When an entire mode of communication rests on anonymous peer review, it leads to a very specific style of writing. I’m not saying that our way of talking to each other is all bad (though I think the fact that anonymous peer review is not only the foundation for publishing, but also for getting grants, jobs, and tenure is hugely problematic, but I’ll leave that for another day). Jargon creates opportunities for specificity, and for agreement on the meaning of certain terms. Being careful and making sure to give credit to those who have gone before you is a good part of scientific practice. And there are plenty of scientific papers out there that I love, in part, because of the great, and yes, precise and careful, writing.

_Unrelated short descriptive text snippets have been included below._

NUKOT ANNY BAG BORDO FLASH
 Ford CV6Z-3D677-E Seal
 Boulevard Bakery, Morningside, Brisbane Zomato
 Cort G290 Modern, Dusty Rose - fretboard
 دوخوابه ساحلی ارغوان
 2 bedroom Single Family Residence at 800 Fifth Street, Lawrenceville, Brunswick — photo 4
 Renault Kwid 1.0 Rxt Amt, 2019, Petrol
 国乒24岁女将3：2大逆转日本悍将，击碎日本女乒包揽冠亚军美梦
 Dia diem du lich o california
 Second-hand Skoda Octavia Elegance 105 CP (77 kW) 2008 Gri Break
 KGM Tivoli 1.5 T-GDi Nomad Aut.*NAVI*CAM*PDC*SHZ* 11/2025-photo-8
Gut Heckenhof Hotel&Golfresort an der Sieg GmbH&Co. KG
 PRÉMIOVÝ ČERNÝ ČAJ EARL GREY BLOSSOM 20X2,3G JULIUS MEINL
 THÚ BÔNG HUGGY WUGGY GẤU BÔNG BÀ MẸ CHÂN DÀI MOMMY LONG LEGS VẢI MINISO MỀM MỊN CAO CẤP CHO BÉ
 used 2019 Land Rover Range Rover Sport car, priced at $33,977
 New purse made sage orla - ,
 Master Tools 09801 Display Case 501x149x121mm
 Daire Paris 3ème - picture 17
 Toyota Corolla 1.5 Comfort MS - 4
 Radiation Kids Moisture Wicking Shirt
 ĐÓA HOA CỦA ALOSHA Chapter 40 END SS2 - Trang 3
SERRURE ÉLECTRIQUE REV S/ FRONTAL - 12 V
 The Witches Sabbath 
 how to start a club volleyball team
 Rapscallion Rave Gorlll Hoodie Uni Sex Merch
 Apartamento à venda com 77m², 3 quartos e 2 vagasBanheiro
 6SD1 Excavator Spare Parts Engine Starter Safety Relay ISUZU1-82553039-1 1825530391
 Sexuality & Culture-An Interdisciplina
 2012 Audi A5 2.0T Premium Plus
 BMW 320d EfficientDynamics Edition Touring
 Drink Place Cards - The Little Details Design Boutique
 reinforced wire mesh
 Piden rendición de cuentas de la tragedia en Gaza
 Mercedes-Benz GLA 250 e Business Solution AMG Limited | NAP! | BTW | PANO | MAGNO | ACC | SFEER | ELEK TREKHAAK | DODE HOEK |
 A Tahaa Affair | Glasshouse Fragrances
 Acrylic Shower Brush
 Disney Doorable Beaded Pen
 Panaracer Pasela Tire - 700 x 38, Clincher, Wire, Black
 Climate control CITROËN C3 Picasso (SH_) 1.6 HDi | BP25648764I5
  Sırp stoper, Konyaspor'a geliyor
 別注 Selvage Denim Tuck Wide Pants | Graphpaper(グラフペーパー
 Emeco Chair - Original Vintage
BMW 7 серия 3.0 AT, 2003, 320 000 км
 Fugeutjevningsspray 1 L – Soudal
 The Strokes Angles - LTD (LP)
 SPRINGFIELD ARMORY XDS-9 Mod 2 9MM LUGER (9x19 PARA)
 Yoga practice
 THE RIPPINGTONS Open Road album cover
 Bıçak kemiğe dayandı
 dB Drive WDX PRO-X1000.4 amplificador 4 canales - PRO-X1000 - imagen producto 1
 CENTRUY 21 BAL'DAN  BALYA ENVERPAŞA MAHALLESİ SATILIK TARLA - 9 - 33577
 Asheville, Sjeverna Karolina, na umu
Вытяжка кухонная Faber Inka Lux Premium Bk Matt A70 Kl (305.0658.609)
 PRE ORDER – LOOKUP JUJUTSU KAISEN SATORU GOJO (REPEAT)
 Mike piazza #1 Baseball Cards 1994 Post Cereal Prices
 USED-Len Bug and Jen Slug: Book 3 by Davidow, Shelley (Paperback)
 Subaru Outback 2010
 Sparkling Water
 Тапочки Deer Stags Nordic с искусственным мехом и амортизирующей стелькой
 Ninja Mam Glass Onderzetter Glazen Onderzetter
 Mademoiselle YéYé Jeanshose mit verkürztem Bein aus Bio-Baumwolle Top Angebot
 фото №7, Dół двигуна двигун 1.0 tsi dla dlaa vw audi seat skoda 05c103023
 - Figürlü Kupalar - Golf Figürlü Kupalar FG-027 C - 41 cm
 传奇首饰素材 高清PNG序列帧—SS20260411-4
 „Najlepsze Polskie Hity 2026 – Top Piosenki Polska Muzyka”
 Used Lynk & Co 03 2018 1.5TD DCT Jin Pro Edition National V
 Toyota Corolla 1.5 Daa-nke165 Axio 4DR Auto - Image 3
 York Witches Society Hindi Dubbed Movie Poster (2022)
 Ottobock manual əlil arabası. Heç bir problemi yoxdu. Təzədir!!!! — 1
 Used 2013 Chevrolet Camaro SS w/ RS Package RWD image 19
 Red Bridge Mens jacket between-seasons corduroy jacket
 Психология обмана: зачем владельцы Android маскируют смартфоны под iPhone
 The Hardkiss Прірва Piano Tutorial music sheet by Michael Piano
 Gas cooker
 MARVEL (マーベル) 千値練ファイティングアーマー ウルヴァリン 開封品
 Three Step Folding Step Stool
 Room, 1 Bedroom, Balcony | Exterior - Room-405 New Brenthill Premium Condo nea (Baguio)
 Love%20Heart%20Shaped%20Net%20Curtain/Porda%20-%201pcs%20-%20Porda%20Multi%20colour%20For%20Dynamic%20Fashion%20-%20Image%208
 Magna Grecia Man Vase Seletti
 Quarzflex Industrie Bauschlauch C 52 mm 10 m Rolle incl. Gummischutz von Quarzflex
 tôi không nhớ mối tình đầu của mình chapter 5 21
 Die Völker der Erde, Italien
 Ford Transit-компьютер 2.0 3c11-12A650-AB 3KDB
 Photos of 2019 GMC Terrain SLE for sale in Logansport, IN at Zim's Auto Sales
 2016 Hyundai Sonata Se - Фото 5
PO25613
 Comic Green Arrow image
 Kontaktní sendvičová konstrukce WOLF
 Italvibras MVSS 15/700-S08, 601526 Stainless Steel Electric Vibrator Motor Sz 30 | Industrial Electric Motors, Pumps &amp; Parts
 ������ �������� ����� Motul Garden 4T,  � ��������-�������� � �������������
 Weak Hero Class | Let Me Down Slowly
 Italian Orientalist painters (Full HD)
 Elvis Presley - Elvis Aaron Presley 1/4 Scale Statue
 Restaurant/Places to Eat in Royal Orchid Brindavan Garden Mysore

But when I’m switching back and forth between my two writing identities – someone who tries to write for a broad audience, and someone who wants to share my findings with my colleagues and, to be honest, check the appropriate boxes to get tenure – I am struck at how the way we have learned to communicate with our colleagues so directly contradicts not only the way science is perceived, but consumed, by the public.

To be fair, I also write defensively for the blog, because I do try and anticipate the response I’m going to get. But for the most part, that defensiveness pushes me towards clarity, as opposed to satisfying reviewers. Somehow, my online writing process, even when I am thinking ahead to how you will love it or skewer it, is less fear-based than my academic writing process. I need the professor gig more than the SciAm gig (sorry, Bora), so it could be more of that old self-preservation kicking in.

So my main questions coming out of this random, meandering post, are:

  • What would it look like to train scientists to be ethical, precise writers without the looming specter of anonymous peer review?

  • What would it look like if we didn't always assume simplicity and precision are opposed to one another?

When we think about science communication, we often think of the part about training people to speak to a broad audience. But what if part of the problem is in how narrowly our academic writing trains us to write in the first place? As more journals move to open access, and more universities make repositories for journal manuscripts, our audience is going to shift. Can we shift too?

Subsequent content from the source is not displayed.